The city of Pripyat, situated in the far north of Ukraine, was home to 50,000 people by mid April 1986. This city is widely known as the site of the world’s worst nuclear disaster, where reactor 4 at the Chernobyl nuclear power plant unexpectedly exploded. The city and all of its 50,000 inhabitants, except the 31 who were killed at the power plant, were evacuated the day after the accident, and very few have lived in the city since. To get a sense of scale the Chernobyl disaster put 400 times as much radioactive material into the atmosphere as the atomic bomb dropped on Hiroshima in 1945, which is why Hiroshima is now a thriving city, yet Pripyat is still a ghost town.

The city currently sits in a 1000 square mile exclusion zone, as the surrounding area still contains excessive levels of radiation caused from the nuclear fallout. Officially nobody is supposed to live within the exclusion zone, though it is thought that between 150-200 people live illegally within the zone, with many of them residing in the ruins of the city of Pripyat.
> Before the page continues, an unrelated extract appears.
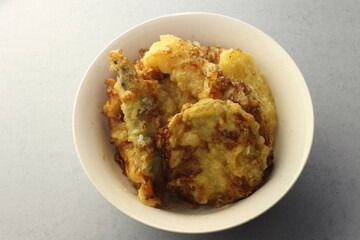 白皿 天丼 俯瞰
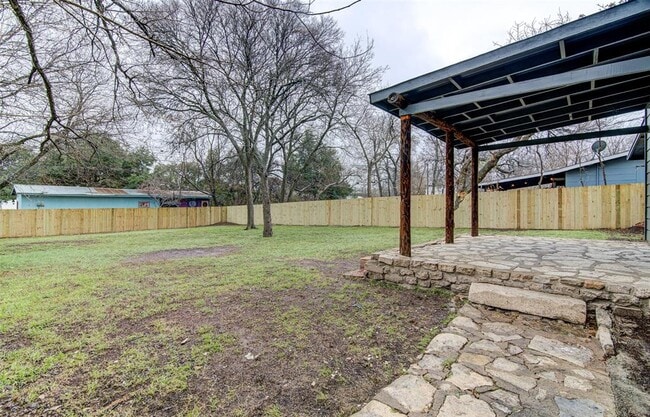 Building Photo - 4707 Menchaca Rd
As the city has been effectively untouched since the disaster, nature has taken its grasp on the city, and photos taken from within Pripyat in the last few years show how little time it takes for a city to be overwhelmed by nature.





Amongst the most iconic photos of Pripyat is the ferris wheel that was part of the Pripyat Theme Park, and also the eerie remains of reactor 4 at the plant itself. Pripyat will not be habitable for another 600 years, and there will still be traces of radiation for upwards of 40,000 years. The city of Pripyat stands as a city frozen in time, and the exclusion zone represents 1000 square miles of Eastern Europe that has become uninhabitable thanks to nuclear technology.